Highlights • FRP wrapping significantly improves the post-peak behaviour of wood under compression parallel-to-grain. • FRP bridges defects and arrests splitting, leading to localized wood crushing as the dominant mode of failure. • Sufficient FRP thickness is required to achieve the desired post-peak behaviour but an upper limit exists on the improvements. • FRP wrapped wood behaviour can be closely modelled by Glos’ wood model.

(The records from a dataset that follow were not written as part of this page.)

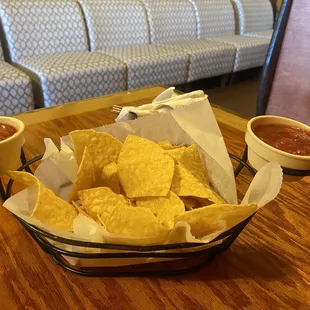 Chips and salsa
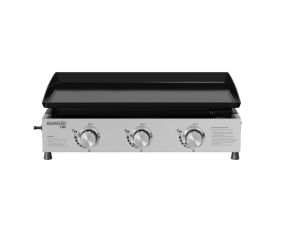 BORMANN ELITE BBQ1810 GRILL ΥΓΡΑΕΡΙΟΥ PLANCHA ΜΕ 3 ΚΑΥΣΤΗΡΕΣ (3X2.5W), ΕΠΙΦΑΝΕΙΑ ΨΗΣΙΜΑΤΟΣ 62.5X34X5 084891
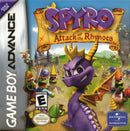 Spyro Attack of the Rhynocs GameBoy Advance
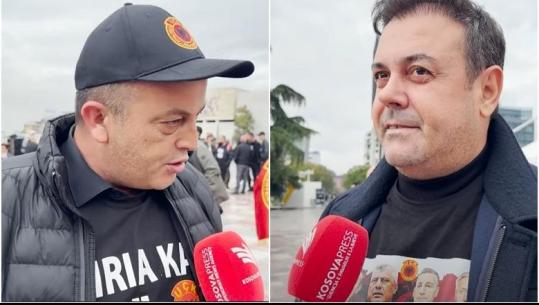 ‘Prej tyre jemi formuar si shtet”/ Protestuesit në sheshin ‘Skënderbej’: Gjykata Speciale na ka vjedhur Presidentin dhe kreun e Kuvendit 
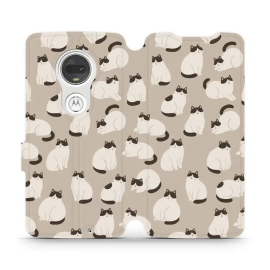 Etui do Motorola Moto G7 - wzór V160S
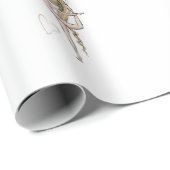 Turnverjaardagsfeestje  cadeaupapier (Rol Hoek)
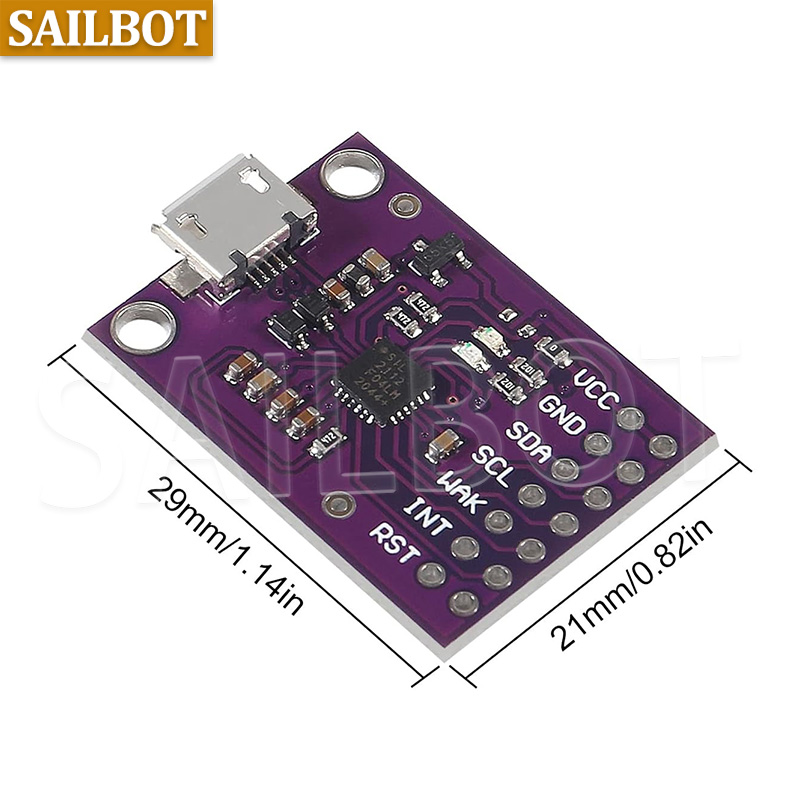 CP2112 Debug Board USB to SMBu - Sensor Kit Arduino ulasan dan harga
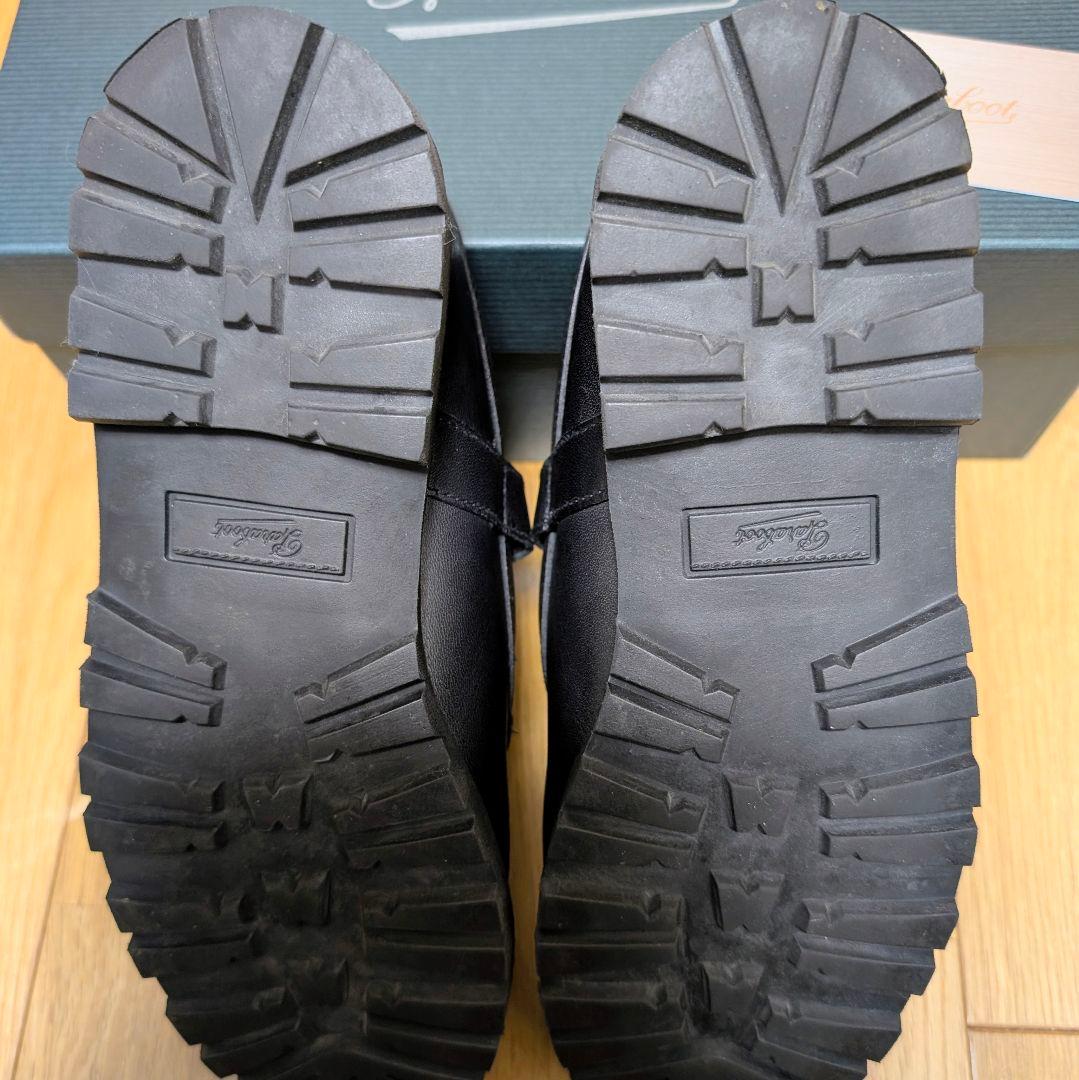 ​【極美品】Parabootパラブーツ BABORD バボール 6.5 黒 箱付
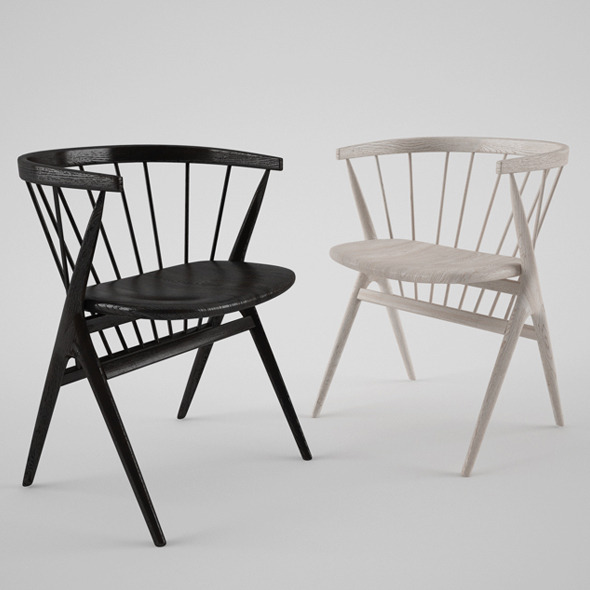 3DOcean Sibast Furniture Chair 8701311 3DOcean Sibast Furniture Chair 8701311
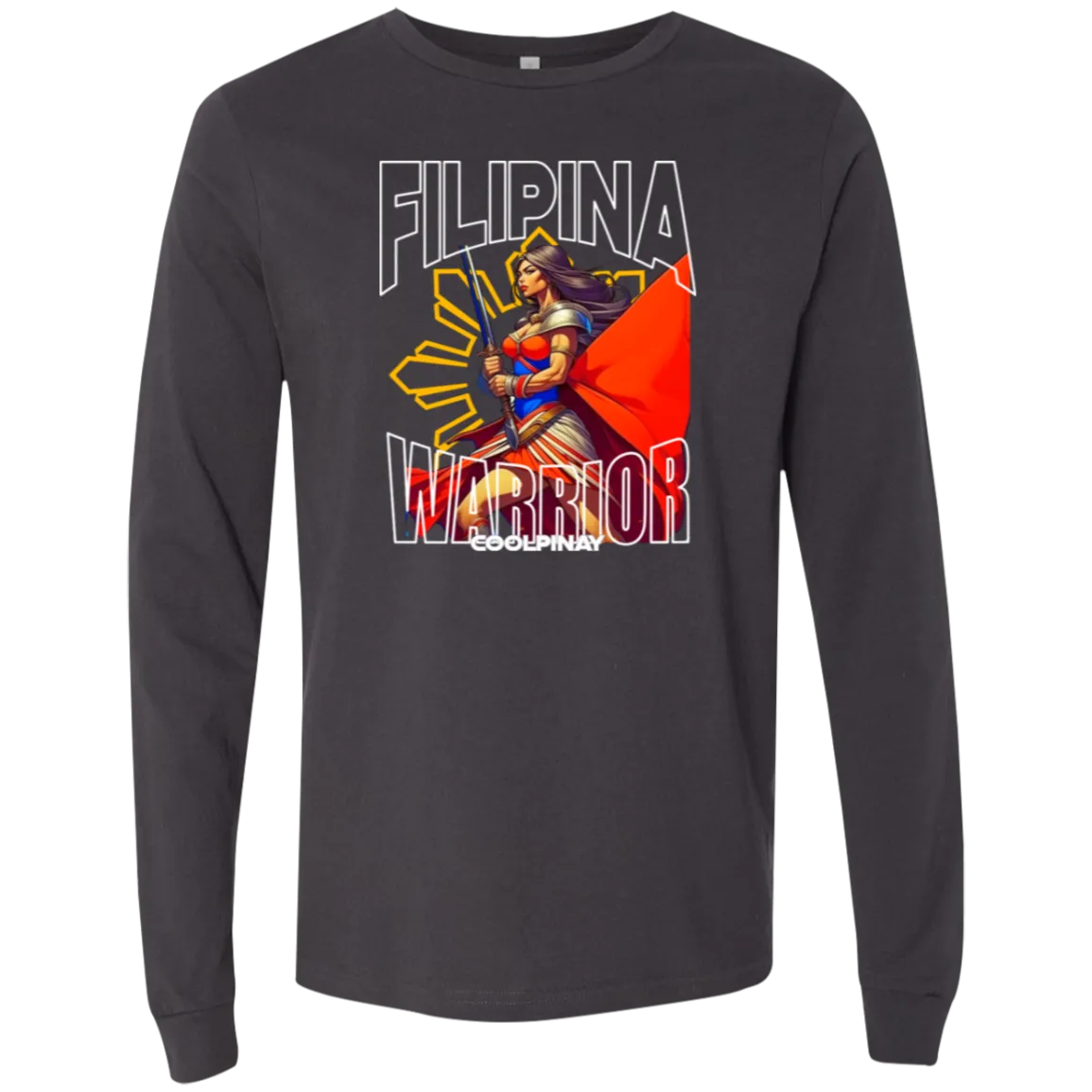 Filipina Warrior Unisex Jersey Long Sleeve T-Shirt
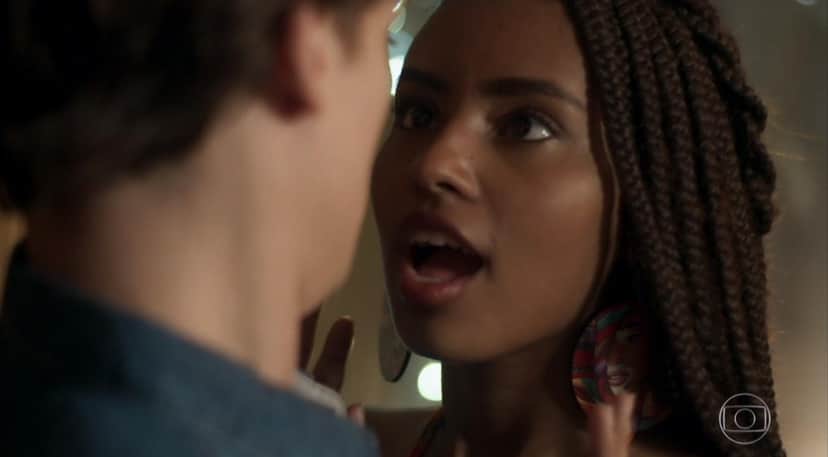 Jaqueline (Gabz)vai bater de frente com Karina (Christine Fernandes) na novela Malhação Toda Forma de Amar Jaqueline (Gabz)vai bater de frente com Karina (Christine Fernandes) na novela Malhação Toda Forma de Amar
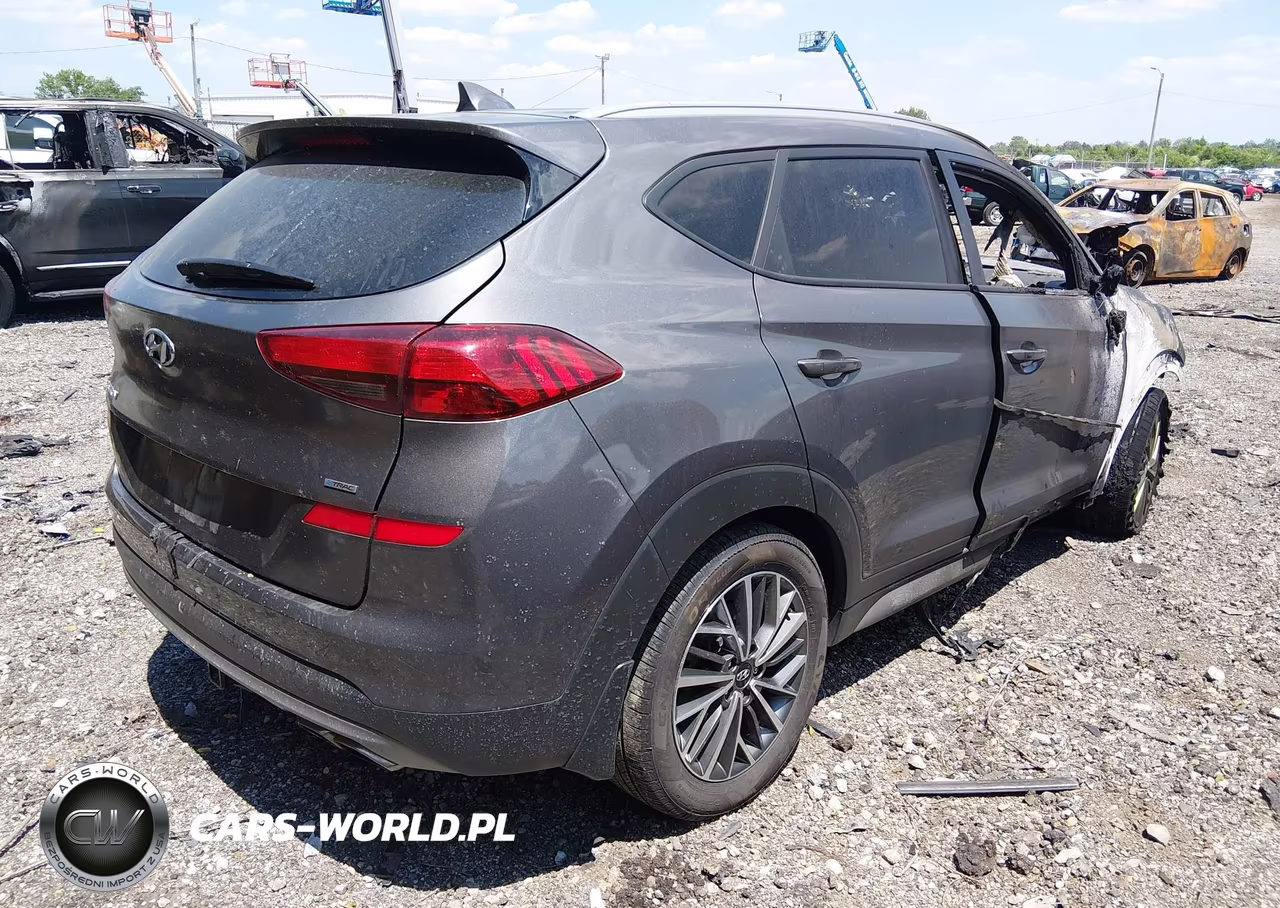 2020 Hyundai Tucson Sel VIN:KM8J3CAL8LU186904 - 4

Abstract An experimental program investigating the behaviour of square timber columns wrapped with fibre-reinforced polymer (FRP) composites under compression loading was undertaken. A total of six unwrapped control specimens and thirty glass FRP (GFRP) specimens were tested with emphasis on characterizing the altered stress–strain behaviour and examining the failure modes. The effects of varying GFRP composite configurations (fibre direction, thickness) were investigated, and each specimen was dissected after testing to study how the wood failed. Test results showed that with proper thickness, FRP wrapping can prevent undesirable splitting and shearing modes of failure in the wood and negate the influence of naturally occurring wood defects to induce crushing in the wood fibres. The crushing mode of failure promoted by FRP wrapping contributed to significantly improved post-peak behaviour with FRP wrapped specimens sustaining up to 61% of their peak compressive strength at a strain of 0.04 mm/mm compared to 41% in the control specimens. The reinforced specimens were on average capable of dissipating between 1.35 and 1.68 times more energy compared to the control group. It is clear from the test results that FRP wrapping can help the overall behaviour of wood members become more reliable and uniform. In particular, the consistency in the post-peak stress–strain behaviour and wood failure is conducive to the development of an analytical model. The improved post-peak behaviour could also benefit wood members in flexure and wood structures subjected to extreme loads such as earthquakes and blast loads.